Benefit: Add the chosen domain’s spells to your class list of arcane spells. If you have arcane spellcasting ability from more than one class, you must pick which arcane spellcasting ability this feat applies to. Once chosen, this decision cannot be changed for that feat.
You may learn these spells as normal for your class; however, you use Wisdom (rather than the normal ability for your spellcasting) when determining the save DC for the spell. In addition, you must have a Wisdom score equal to 10 + the spell’s level in order to prepare or cast a spell gained from this feat.
Each day, you may prepare (or cast, if you cast spells without preparation) a maximum of one of these domains spells of each level.

The pre-reqs need some consideration though.

Prerequisite: Knowledge (religion) 4 ranks, Spellcraft 4 ranks, able to cast arcane spells, alignment matches your deity’s alignment.

The only thing that’ll possibly give you some trouble will be having a deity with the Healing domain. It’s not difficult, but you’ll have to be sure to work this into your character. Luckily this feat is something that an arcane caster can take at 1st level if they’re so inclined.


One Healing Spell Per Level – Lame

This is all well and good – one healing spell per level per day. It’s certainly useful, but you’re far from a substitute for a cleric of equal (or even half) level for healing capability. The main benefit clerics have is that they can automatically convert their prepared to healing spells of a given level – offering the possibility of a healing spell for every single spell slot they have without even having to memorize them ahead of time.

To add some juice to this bad boy we need to dip into the Eberron Campaign Setting and dig up a feat called Spontaneous Casting. This is one of the shortest-written feats in any book:

Prerequisite: Caster level 5th.
Benefit: You can exchange a spell you have prepared for another spell on your spell list (or for wizards, out of your spellbook) of the same level.

Yup, that’s it. This makes Spontaneous Casting a great 6th level feat to take after reaching caster level five.

With this combo you can now swap out a prepared spell for the healing spells that you now have access to.


The Nitty Gritty Details

I’ve seen some discussion (arguing?) over this combination in the past. Since the logic is somewhat nuanced, let me spec out my line of thought on it.

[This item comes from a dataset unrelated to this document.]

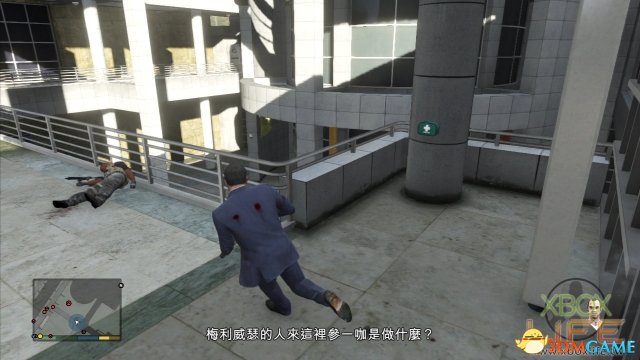 侠盗猎车5gta5 主线任务攻略第十篇完结篇 3dm单机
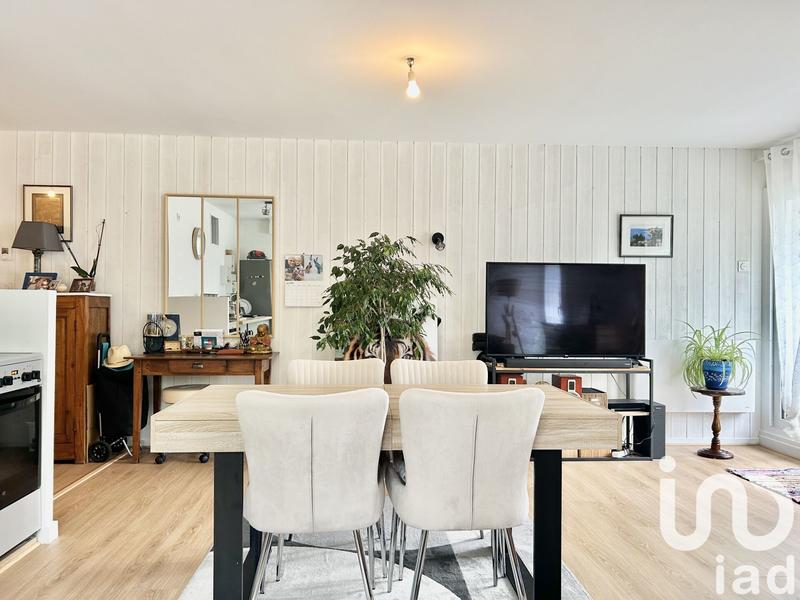 Appartement - 75 m² - 3 pièces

  1. Per Arcane Disciple you get to “add the chosen domain’s spells to your class list of arcane spells”.
  2. As a Wizard, you get to add 2 spells to your spellbook that you’re allowed to cast (per PHB pg 178).
  3. Since there would be no other way to add healing spells to their spellbooks, this is the only method that they would be able to. Even with the spells added to their spell list, a divine spell is still a divine spell and an arcane spell is still an arcane spell. This would prevent an arcane spellcaster from adding the cure spells from a divine scroll.
  4. Now that the spells are in the spellbook, you can use Spontaneous Casting since it allows you to swap out prepared spells for spells “out of your spellbook”.

Seems simple enough, right? That’s what I thought.


Some Other Alternatives

Complete Divine has some other feats that may have some limited usefulness as a substitute to Spontaneous Casting: Spontaneous Healer, Spontaneous Summoner and Spontaneous Wounder. They allow you to substitute healing, summoning and inflict spells respectively. These feats carry the limitation of only allowing you to do this a number of times per day equal to your Wisdom modifier.

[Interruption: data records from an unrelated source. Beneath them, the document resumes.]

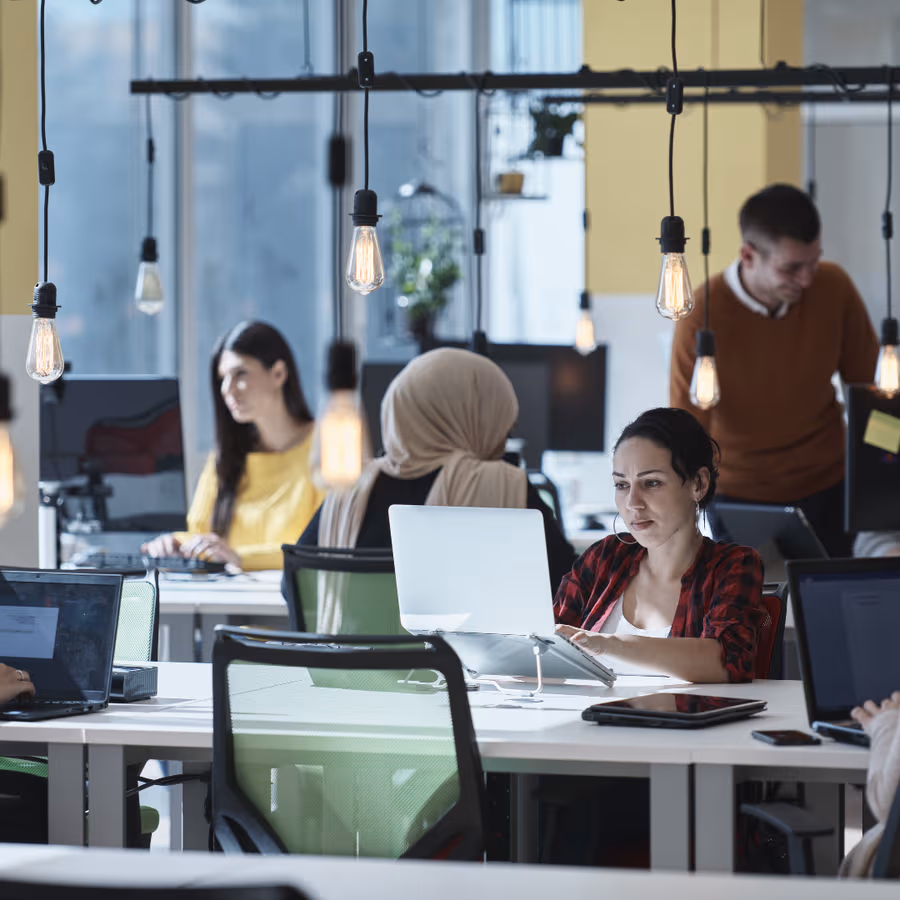 Unlocking New Heights: Coworking Spaces for Startups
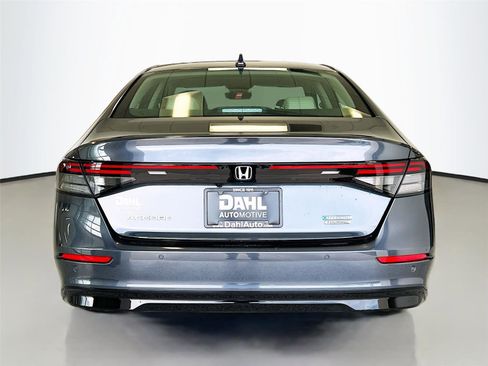 Certified 2025 Honda Accord Touring image 14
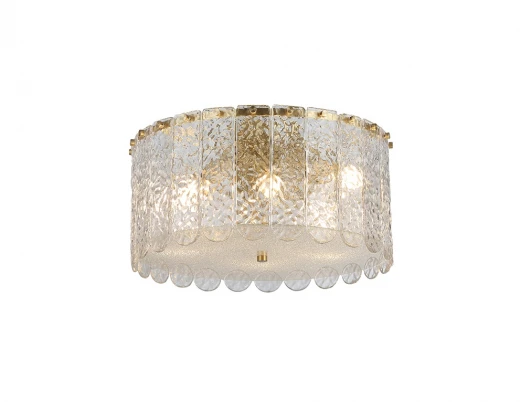 8370/PL brass Потолочный светильник Newport Daisy 8370/PL brass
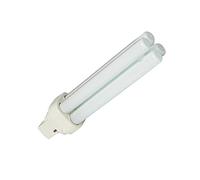 Philips MASTER PL-C 2 Pin ampoule fluorescente 18 W G24d-2 Blanc chaud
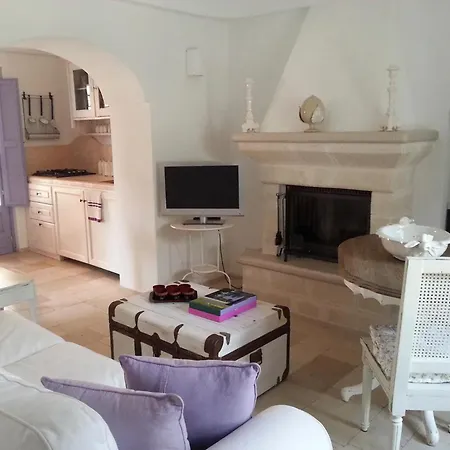 Andrelisa's Trullo - Second Фазано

Their key role would be for a Druid that needs to convert to heal/harm spells to make them more versatile.

The gotcha is that the spells need to be part of your spell list, so for an arcane caster to make use of these, they’d have to get the spells from Diving Disciple.

Some people argue that the Extra Spell feat allows you to add spells that are not on your spell list to your list of known spells. I don’t share this opinion. What allows this to work with Arcane Disciple is the language “add the chosen domain’s spells to your class list of arcane spells”. With it then on your class list, you’re in the clear. With Extra Spell, a diving spell is still a divine spell and an arcane caster can’t cast it.


Wrap Up

Is this combination worth it?

I think it completely depends on the campaign and PC in question. In a group without any other healers or where the healer may be a druid or bard, this could be very useful. It could also be useful in very large parties where there’s only one healer that’s very taxed and never gets to cast any of their other spells. Playing an arcane caster that’s very devout (as the feats certainly imply) could certainly open up some interesting RP situations.

Just remember that there’s a real trade-off though. Two feats for a wizard is not a small deal. It does, however, offer a great amount of versatility. Even Spontaneous Casting alone would be a great addition to any wizard’s arsenal.